As the name implies, these are Alerts which are sent when an Event of the specified type occurs. Events are things like “High Swap Activity” and “Disk Device Full.” For a list of event types which DPM will detect automatically, see our documentation here. You can also send custom Events to our API, which can then be used to trigger alerts.

You can find more information about sending custom Events in our documentation here.

The default configuration will match any Event in your environment; you do not need to select every Event type individually.

Threshold Alerts

Threshold Alerts are based on metrics that exceed a designated threshold. The Alert is generated when the metric crosses the threshold trigger value and has maintained that value for a defined duration of time. Once that duration of time has passed, the Alert activates and a “Threshold Alert” event of a defined level generates. No further Alerts will generate while the original Alert remains in an active state. The active state will be cleared once the metric meets the reset value; from then on, new Alerts can be generated. For a list of the metric categories, see here.

For clients using VictorOps or PagerDuty, when a Threshold Alert resets (i.e. the monitored metric returns to its reset value) we send a resolution event to close the open incident.

For example consider a Threshold Alert with the following configuration:

Example Threshold Alert

Let’s say os.cpu.loadavg spikes to a value of 7 and stays at that value for 5 seconds. This will generate a “Threshold Alert” event with level “critical”. Now consider that the value of os.cpu.loadavg drops to 3, and then rises back to 7 for another 5 seconds. No new Alert will be generated since there is already an active Alert.

Now consider that os.cpu.loadavg drops down to 1, then goes back up to 7 for another 5 seconds. A new “Threshold Alert” event will be generated at level “info” when the alert resolves, followed by a second “Threshold Alert” at level “critical” noting that the Alert has triggered again. A new Alert is generated since the metric went below the reset value the active state was cleared.
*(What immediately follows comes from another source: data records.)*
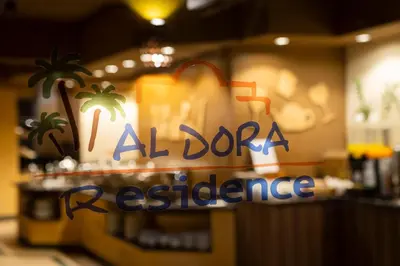 a sign for a restaurant with a palm tree at Al Dora Resort All Inclusive Hotel in Hurghada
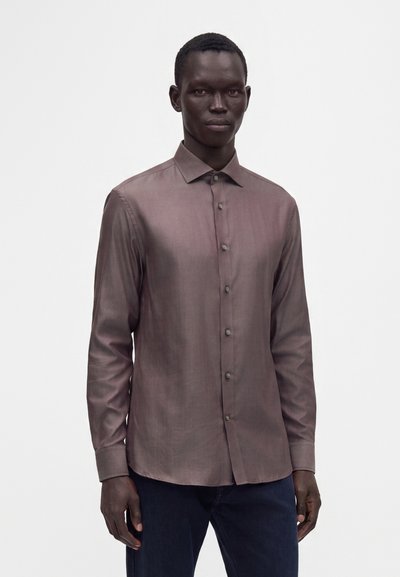 Άνδρας που φοράει μια μακρυμάνικη, κουμπωτή, καφέ γυαλιστερή πουκάμια με γιακά, στέκεται μπροστά σε ένα απλό λευκό φόντο.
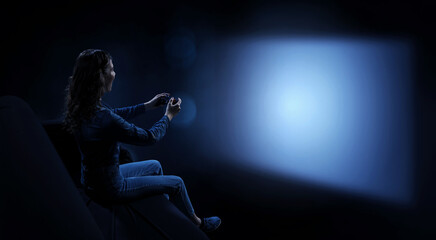 Obraz na płótnie Canvas Young woman watching movie . Mixed media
Notification Configurations

Once you’ve configured your Alert trigger, you’ll need to specify how often it can be triggered, and where notifications should go. The “Notify me” setting will allow you to specify a rate-limit on how often an Alert can be triggered, on a per-host basis. In the example below, the configured Alert would trigger at most once every 5 minutes, so unexpected behavior that would otherwise cause a flurry of Alert activity is suppressed. “Immediately” will send an Alert every time.

Example Notification Configuration

When specifying Integrations to send notifications to, note that multiple Integrations can be added as destinations for each Alert, so multiple groups can be notified by a single Alert triggering in DPM. There is no limit for how many Integrations may be specified as a destination, but at least one must be specified for an Alert to be enabled. For more information on the Integrations, check our Integration Documentation.

Common Alert Scenarios

You may wish to set up an Alert to notify you in the event of the following situations. To do so, simply set up the corresponding Alert:

Scenario Configuration
The database is down or unreachable. Use the “Database Connection Error” event type
The database is no longer sending metrics. Use the “Host Stop Sending Data” event type
Replication to a secondary has stopped. Use the “Replication Stopped” event type
Replication to a secondary has started. Use the “Replication Started” event type
The MySQL database has reached its maximum connections. Use the “Max MySQL Connections Reached” event type
Replication on a secondary is delayed. See Monitoring Replication here
Long-running queries Use the Long-Running Query event type
High CPU utilization Create a threshold-based alert using the metric os.cpu.util_pml. This is a permille metric DPM calculates that is the best representation of CPU load. For example, set the threshold to 900 for 90% utilized.